I spent the last year building an agent governance system that treats this differently. The core idea is not complicated. Agents are workers. Workers earn trust over time. So we built a system where they do exactly that.
Why RBAC falls apart for agents
RBAC was built for humans. A human with database admin access understands that you do not drop tables in production on a Friday afternoon. An agent does not have that instinct. It follows instructions. If the instructions are wrong, or if the model hallucinates a step, the permissions model will not help you.
So most teams pick one of two bad options. Give agents broad access and hope nothing goes wrong. Or lock them down so hard they cannot do anything useful.
We wanted a third option.
Agents as employees
In our platform, every agent gets an identity. A proper identity token that follows it across every system it touches. That identity carries a trust level. The trust level controls what the agent can and cannot do.
Four levels. Each one earned, not given.
Intern
Read only. Query data, read logs, look at things. Cannot change anything. Every new agent starts here. No exceptions, no fast track.
Junior
Can write to non-critical systems, but a human approves each action first. The agent proposes a change. A person reviews it. If it looks right, the person approves. Slow on purpose.
Senior
Production writes, no human in the loop per action. But everything is logged. What was called, what parameters were passed, what the system state looked like before and after. Full audit trail.
Principal
Broad tool access. Can chain actions across services and make production decisions. Runs under real time behavioural monitoring, which I will get to shortly.
How trust gets earned
Agents do not get promoted because someone ticks a box. The system tracks every tool call. Success rates. Policy compliance. Whether outputs match known correct answers when we can check.
After enough correct behaviour at one level, the agent becomes eligible for the next. A human still approves the promotion. But the data backs the decision.
This is what a good manager already does with new hires. Small tasks first. Check the results. Bigger tasks if the results are good. We just wrote it down as code and made it auditable.
The permission check
Every tool in the system has a minimum trust level attached. A read only database query might need Intern. A production deployment needs Principal. When an agent calls a tool, the system checks the agent's level against the tool's requirement. Too low? Blocked. Logged. Done.
This happens on every call. No caching, no "it worked last time." Every call is checked fresh, because the agent's level can change between calls if something goes sideways.
Watching for strange behaviour
Even Principal agents are not fully trusted. The system builds a behavioural baseline for each agent. How many records does it normally read? How often does it write? Which tools does it call?
An agent that normally reads 10 records suddenly trying to read 10,000 gets flagged. An agent that calls three tools on a normal day suddenly calling fifteen gets flagged. Does not always mean something is wrong. Does mean someone should look.
Kill switches
Every trust level has a kill switch. If an agent does something that worries you, drop it to Intern in milliseconds. Not minutes. The very next tool call hits the new, lower permission level. If things are bad enough, revoke the identity entirely. The agent is frozen until someone investigates.

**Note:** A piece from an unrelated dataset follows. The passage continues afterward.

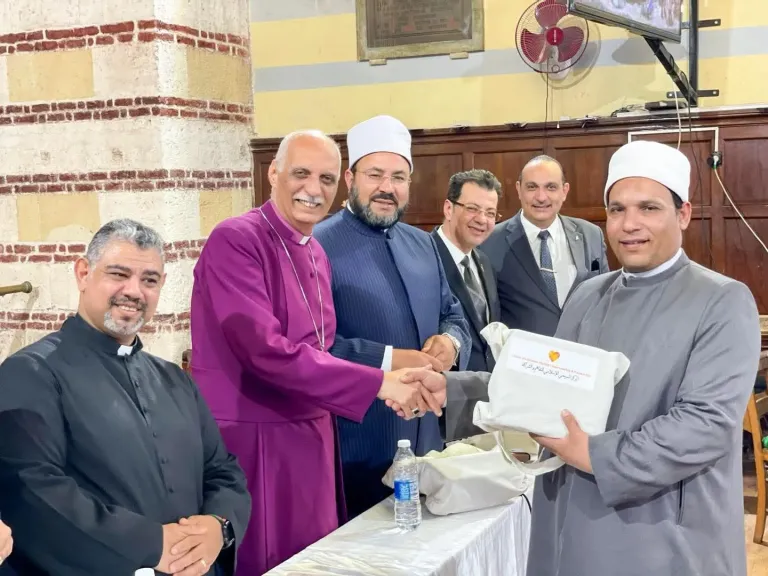 المركز المسيحي الإسلامي ينظم الحفل الختامي لدورة فض النزاعات وصنع السلام بالإسكندرية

Agent failures are not like human failures. A person makes mistakes at human speed. An agent can make a thousand bad calls in a second. You need a response mechanism that matches that speed.
What went wrong early on
The first version had three levels. No Junior. Agents went from read only straight to production writes with logging. Too big a jump. We had an agent get promoted too quickly, make a run of bad writes, and it took hours to clean up. The Junior level exists because of that incident. The human approval step on every write slows things down, but it caught problems we would have missed.

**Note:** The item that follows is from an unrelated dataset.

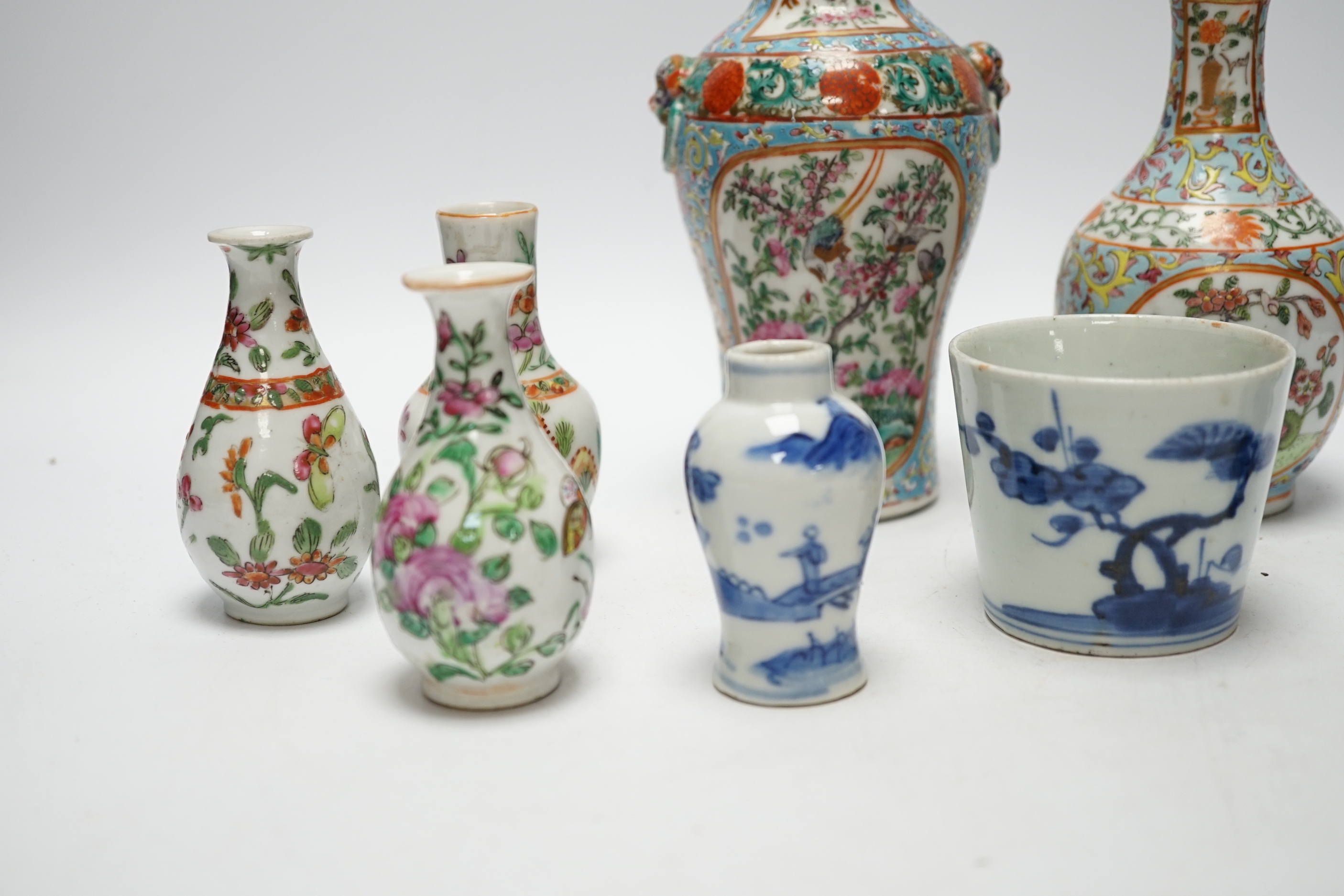 A group of Chinese famille rose small vases and blue and white items, late 19th/early 20th - Image 2 of 10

We also did not track behavioural patterns at first. Only permission levels. An agent could go from reading 5 records a day to reading 50,000, and as long as it had the right level, nobody noticed. That gap is closed now, but it should have been there from day one.
Why regulators will ask about this
EU AI Act, Article 14. Human oversight of automated decisions. Most companies treat this as a checkbox exercise. Add a human review step somewhere and move on.
Progressive autonomy gives you something real to show an auditor. At the Intern and Junior levels, humans are in the loop on every write. At Senior and Principal, oversight is structural: audit logs, behavioural monitoring, kill switches. Not bolted on after the fact. Built into how the system works.
When someone asks how you maintain human oversight, you show them the trust levels, the promotion history, the audit trail, the kill switch logs. That holds up better than a process diagram with a "human review" box in it.
What comes next
Promotions still need human approval. I think that is right for now. But the system already has enough data to recommend promotions. The question is how much friction we want to remove, and when.
I also think four levels is too coarse. A Senior agent probably should not have the same permissions for the reporting database and the payments system. Per-system trust levels are on the list.
The basic principle stays the same, though. Agents earn trust through behaviour. That trust is tracked. And it can be taken away faster than it was given.